First, the moment in the second US Republican debate where Jeb Bush claimed that his brother George W. "kept us safe", to which the wingnut audience at the Reagan Library burst out into unanimous applause. The idiocy of this assertion in the context of 9/11 and dozens of Benghazi-level embassy and consulate attacks is lost on these ideologues in their media bubble of epistemic closure, and the message to GOP elites is to ramp up the crazy because that's what gets the base excited. Thus we will probably get another government shutdown this year, with Congress in chaos and no competent candidate willing to grasp the poisoned gavel of the Speakership to replace the failed John Boehner.

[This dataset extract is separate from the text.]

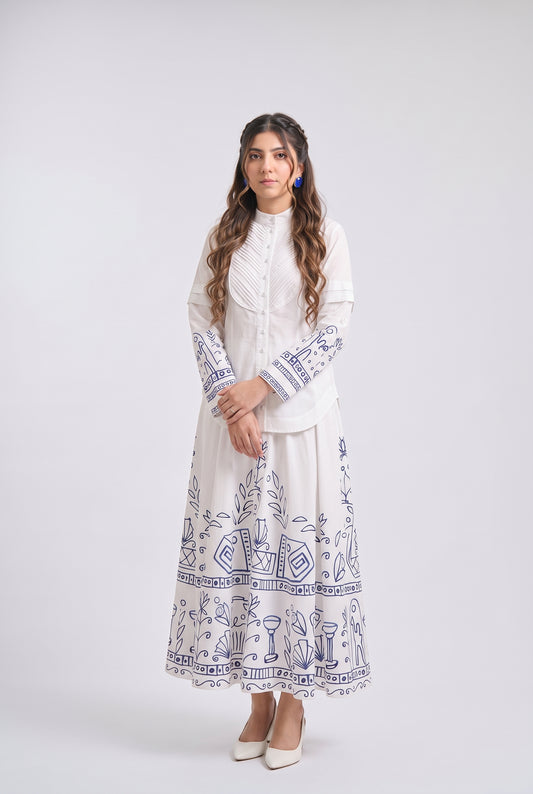 A woman modeling a long white embroidered dress with blue traditional patterns, standing against a light gray studio background.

Second, the moment in the most recent Australian Liberal Party conference when Malcolm Turnbull rolled out a canned line that every Liberal leader runs with at such times, to the effect that the Liberal Party is superior to the other side because it doesn't have factions. The attending LNP hoi polloi - some of whom were the factional elites who installed him as Prime Minister in the party room, but most of whom were rank-and-file members aligned with one of the factions - laughed him down with a scornful tone. This gut reaction not only put a lie to Turnbull's bald statement, but signalled that we don't go for that sort of bullshit in this country, not even in right-wing politics.
The upshot of this is that the Republican Party is descending into the murky territory of actually being unfit to govern and an electoral majority of the public realising this truth, whereas the Liberal Party still has a hope of running the public sector without completely buggering it up. We tried the Third Way of Rudd-ism and it was found wanting in terms of implementation, allowing the Utopia-style APS bureaucracy to rise to the level of its incompetence in the absence of firm hands being on the departmental levers. Now we will give Turnbull the wheel and see if his brand of cheerful waffle managerialism masquerading as techno-wonkery can do any better.
Prior to the decisive spill, I had been building a case over the previous year or so about how Scott Morrison would be the next Liberal leader. The Libs decided to go with Turnbull, with Morrison's faction delivering the key swing votes in the party room, which led to the heated Ray Hadley 2GB interview in the days afterwards. It is blindingly obvious that Morrison could have put his hand up to be the champion of the Abetz/Andrews religious nudge faction but demurred, trusting that he will be the next Liberal leader to win an election when Turnbull fails. I won't go so far as to guarantee it, Andrew Elder style, but I agree with Morrison's calculations.
Meanwhile, the Turnbull government is now ensconced, albeit he has been mostly busy launching policies put in place by Abbott and hasn't had time to do much off his own bat. Honeymoon polls have been mostly underwhelming, going as low as 50:50 already without the leader having actually made a contentious decision yet.
I have not seen anything to dissuade me from the notion that Turnbull is as hamstrung on policy as Abbott was. This government has been a lameduck administration from the start, we've just exchanged caretakers. Turnbull doesn't even have any culture wars to wage to distract the Liberal luvvies. If and when he actually starts making any decisions, one of two things will happen. If he moves to the right, watch his polls plummet immediately. If he moves to the left, watch the party room destabilise (and then the polls plummet later).